What are the hurdles to quality care that face growing numbers of aging LGBTQ+ people? By 2030, an estimated 7 million LGBTQ+ people in the U.S. will be older than 50, and as many as 4.7 million will be seeking care and services.
Our conversation was aimed at people who may be part of the LGBTQ+ community ― as well as their loved ones and their caregivers. We talked about what quality care for elder LGBTQ+ individuals looks like, what types of overt and covert discrimination they may face and the documented concerns of the community revealed in recent research. We also heard how two longtime hospice experts are facing end-of-life issues in a personal way.
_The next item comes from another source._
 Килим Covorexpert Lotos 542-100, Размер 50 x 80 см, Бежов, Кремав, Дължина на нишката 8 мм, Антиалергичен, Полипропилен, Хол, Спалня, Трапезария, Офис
The panel, moderated by JoNel Aleccia, a KHN senior correspondent, included:
- Kimberly D Acquaviva, Ph.D., MSW, CSE, professor at the George Washington University School of Nursing in Washington, D.C., and author of the 2017 book “LGBTQ-Inclusive Hospice and Palliative Care: A Practical Guide to Transforming Professional Practice.” On Aug. 1, she will be joining the University of Virginia School of Nursing in an endowed professorship. She is the wife and caregiver of Kathy Brandt, who is dying of ovarian cancer.
- Kathy Brandt, MS, founder of the KB Group, a palliative care consulting firm in Washington, D.C. She wrote and edited the National Consensus Project’s Clinical Practice Guidelines for Quality Palliative Care, 4th edition, and is a former leader at the National Hospice and Palliative Care Organization, NHPCO. She is the wife of Dr. Acquaviva and was diagnosed this year with terminal ovarian cancer.
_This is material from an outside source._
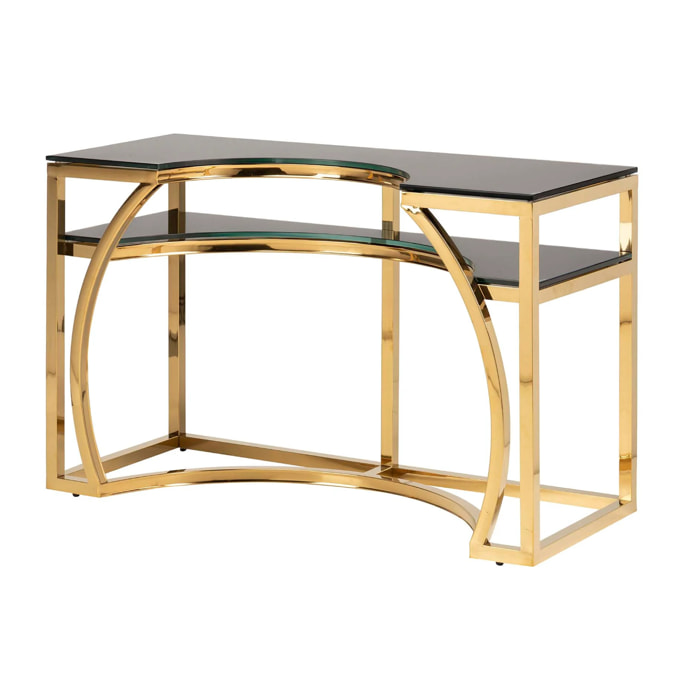 Consola Acero Inoxidable Cristal Sharjah 120x50x75 Cm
- Aaron Tax, JD, director of advocacy for SAGE: Services and Advocacy for LGBT Elders. He advocates for LGBTQ+ inclusive federal aging policies that account for the unique needs of LGBTQ+ older adults.
- Sean Squires, MSN, RN, team director for Seasons Hospice & Palliative Care of Maryland, one of more than 300 providers nationwide to receive SAGE certification for LGBTQ+ care.
- Nii-Quartelai Quartey, MA, Ed.D, AARP’s senior advisor and national LGBTQ+ liaison and key spokesperson for the AARP’s 2018 research report, “Maintaining Dignity,” which looked at concerns of LGBTQ+ Americans age 45 and older.
- Joe Wardenski, MPP, JD, counsel at Relman, Dane & Colfax, a national civil rights law firm based in Washington, D.C. He is co-counsel on Walsh v. Friendship Village, a Fair Housing Act case challenging a St. Louis-area senior living community’s refusal to allow Mary Walsh and Bev Nance, a married same-sex couple, to live in their community because of their relationship.